Now, this is not a political blog, and I'm not making a political statement, although my sensibility is surely somewhat to the left of Ms. Palin, and that's all I'll volunteer right now. What I'm saying here is, why does anybody want to read that book?
If Joe Biden wrote a book (which he did), I wouldn't want to read it. President Obama has written TWO books, both of which were bestsellers BEFORE he became president, and I haven't read either one. Someone gave me a copy of Bill Clinton's foot-thick memoir (which covered everything up to 10 years ago), and I think I cracked the cover once. Read about three pages. I don't remember any of it.
I just don't get the fascination. What is the politician going to tell you that you couldn't have figured out if you read the newspaper while they were doing the stuff they're writing about. The inside story? Seriously? You think you're going to get that from anyone who thinks they might have any kind of a future in Washington?
Frankly, I don't care that much for autobiographies. Most of the ones I've read have suffered from the fact that the writer might have been just a tad biased toward the subject's point of view, and certain thorny details might have been, let's say, smoothed over a bit.
The only autobiography I recall really enjoying is Harpo Speaks, and that's mostly because 1. the subject really didn't write his own book and 2. no one ever believed a story the Marx Brothers told, as they were given to... embellishment. Highly entertaining.
The idea that Sarah Palin's memoir shot to the top of the bestseller lists baffles me. Yeah, I have my issues with her aside from the book, but I honestly can't fathom exactly what kind of reading experience the public thinks it's going to get. A sterling, stirring, poetic work of letters? I don't know who the ghostwriter was, but it hardly seems likely. A candid, insightful viewpoint of last year's campaign? From someone who hasn't stopped giving interviews for a 20-minute stretch since the campaign ended?

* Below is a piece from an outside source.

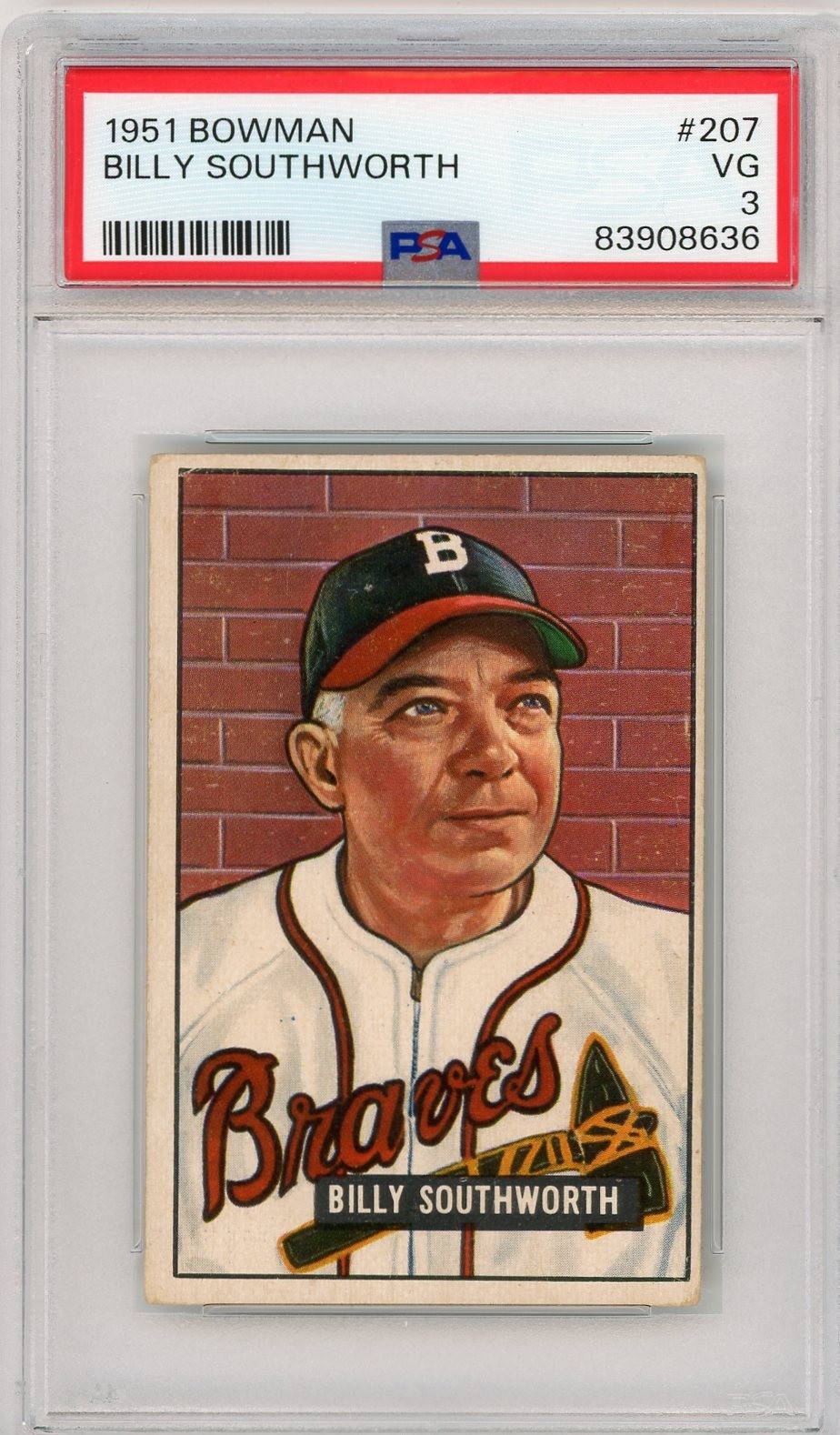 1951 Bowman #207 Billy Southworth PSA 3 VG Vintage Boston Braves Manager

What's left to find out?
The problem with political memoirs is that all the stories are the same: the subject starts out in the most abject of circumstances (absent/dead parent, crippling poverty, living in Idaho), finds some inspiration from a beloved political figure of the past (John F. Kennedy, Ronald Reagan, Louis XVI), turns his/her life around for a lifestyle of service (military, community, fast food) and then gets the Big Break that catapults him/her to political stardom (like the party elders decided to appeal to a new demographic).
What does this all tell us, really? Anything we haven't already heard, didn't already know?
Besides, they're politicians! If there's one thing we should have learned by now it's not to believe a single word one of these weasels tells us!
Frankly, if I want to be lied to, I'd rather read a work of fiction. At least each chapter will end on a cliffhanger.